Wednesday, August 22, 2012

From Fenton: On Jealousy

Fenton's essay, "A lesson from Michelangelo" came out in the New York Review of books in 1995. I must have read it my first year of graduate school. The essay was an amazingly condensed survey of the "humanity of ambition" in the artistic world. Every scientist should read it.

Reading Fenton means knowing what it is to "pull a Giambologna", or the pain of "pasquinades" that apply to papers and grants as much as they did critiques of art.

The personalities and psychology of Michelangelo and Leonardo, Wordsworth and Keats...are the best roadmap for understanding the myriad psychologies of how scientists interact and how they express their ambition.

We all have ambition, but it can be expressed in many ways.

Michelangelo set fire to most of his works as his death drew close. Weaver pulled up most of his plot markers.

Leonardo could barely be bothered to sign his works. The great ecologists might sign their papers, but make little effort to control the fate of their ideas, no less require attribution.

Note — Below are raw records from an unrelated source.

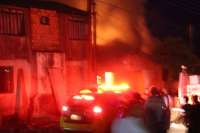 Laranjeiras - Incêndio no Presidente Vargas termina com quatro casas atingidas
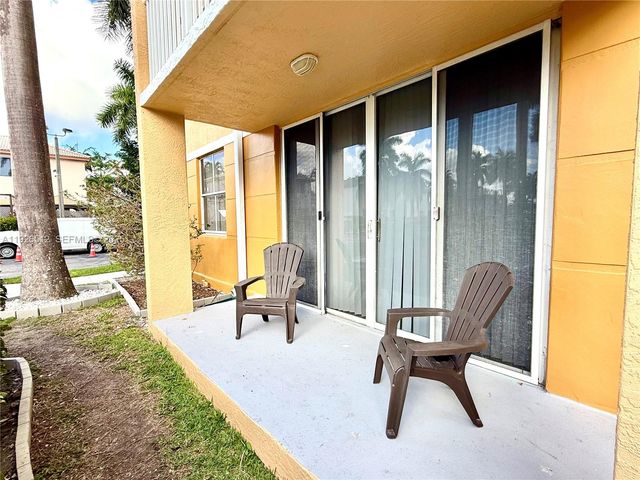1341 SE 3rd Ave 102, Dania Beach, FL 33004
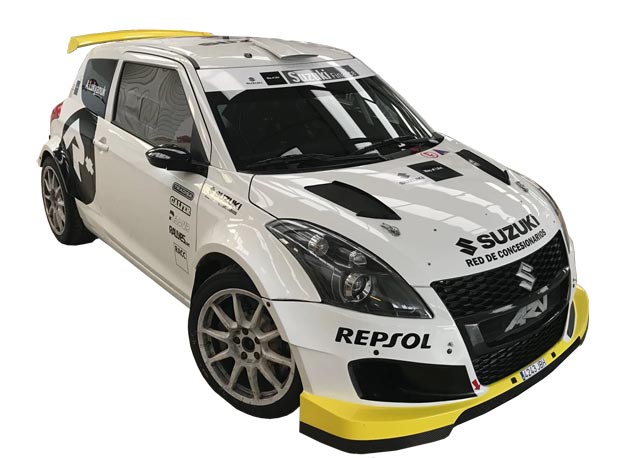 Alexey Lukyanuk de tests con el Suzuki Swift R+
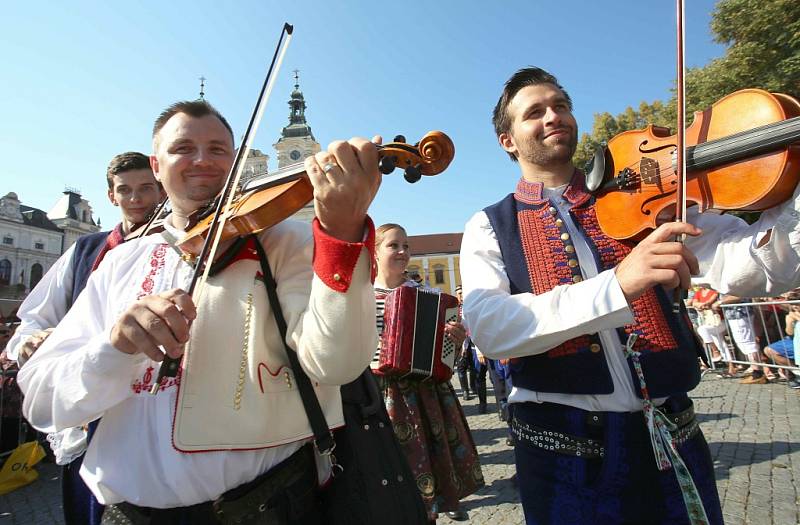 Slavnosti vína 2016 v Uherském Hradišti. Slavnostní průvod.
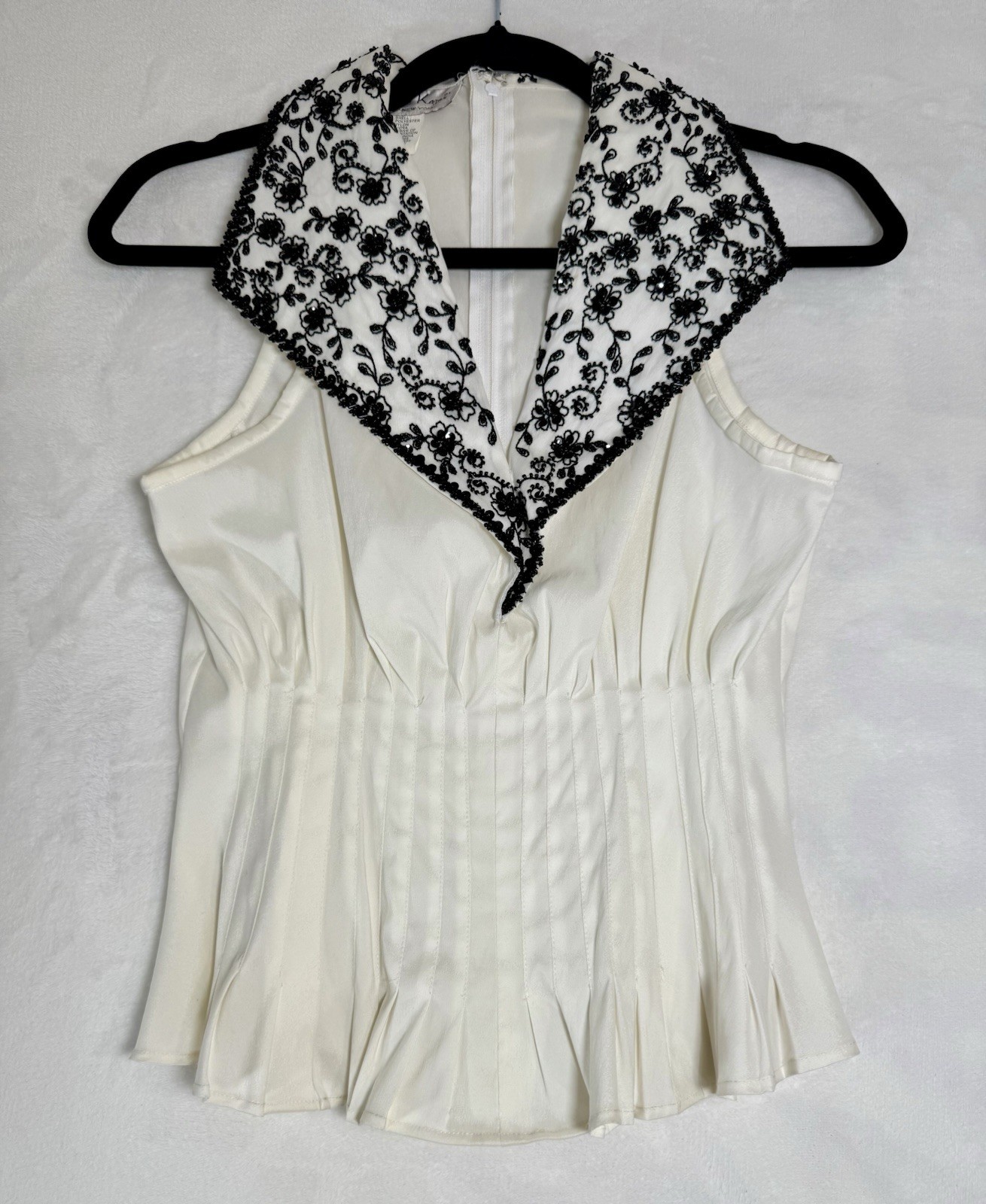 Vintage Laurence Kazar White And Black Beaded Top Size Small 80’s 90’s Floral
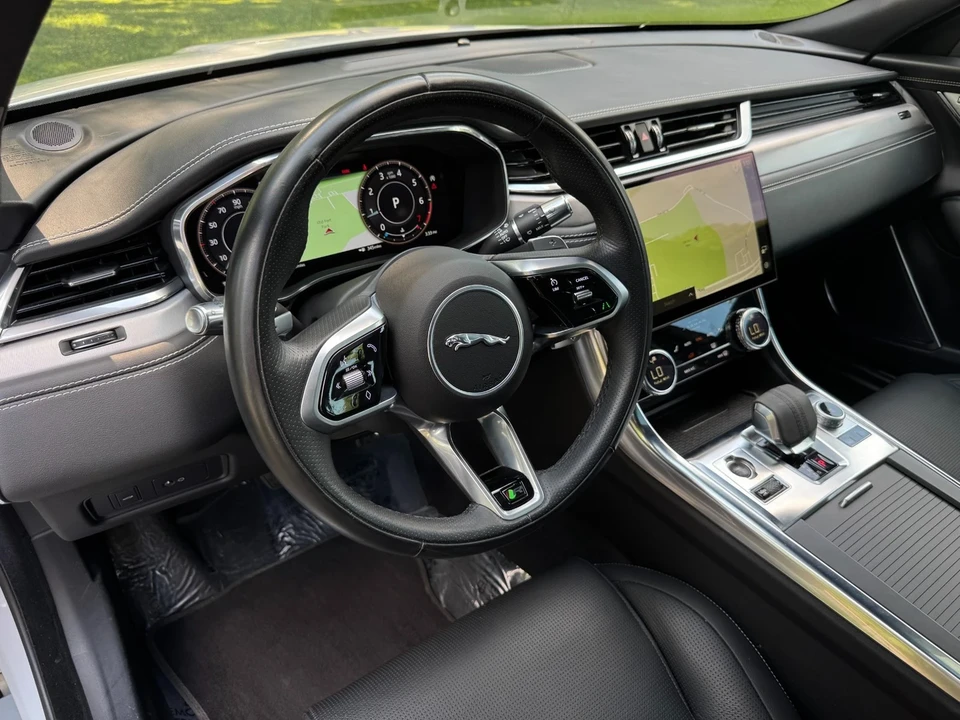 2021 Jaguar X260 XF - Image 19 of 21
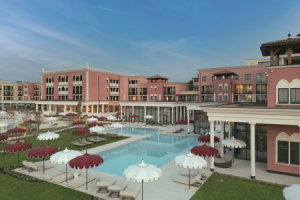 Mediterrane Poollandschaft im Luxusresort ©Cavallino Bianco Caorle Venezia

Fenton's discussion of Auden is one of his most important lessons:

"Auden wrote a wonderful thing to Stephen Spender in 1942--it is quoted in Auden's Juvenilia --when he said: 'You (at least I fancy so) can be jealous of someone else writing a good poem because it seems a rival strength. I'm not, because every good poem, of yours say, is a strength, which is put at my disposal.' And he said that this arose because Spender was strong and he, Auden, was weak, but this was a fertile weakness."

To view your rival's strength as being at your disposal is one of the greatest propellants in science.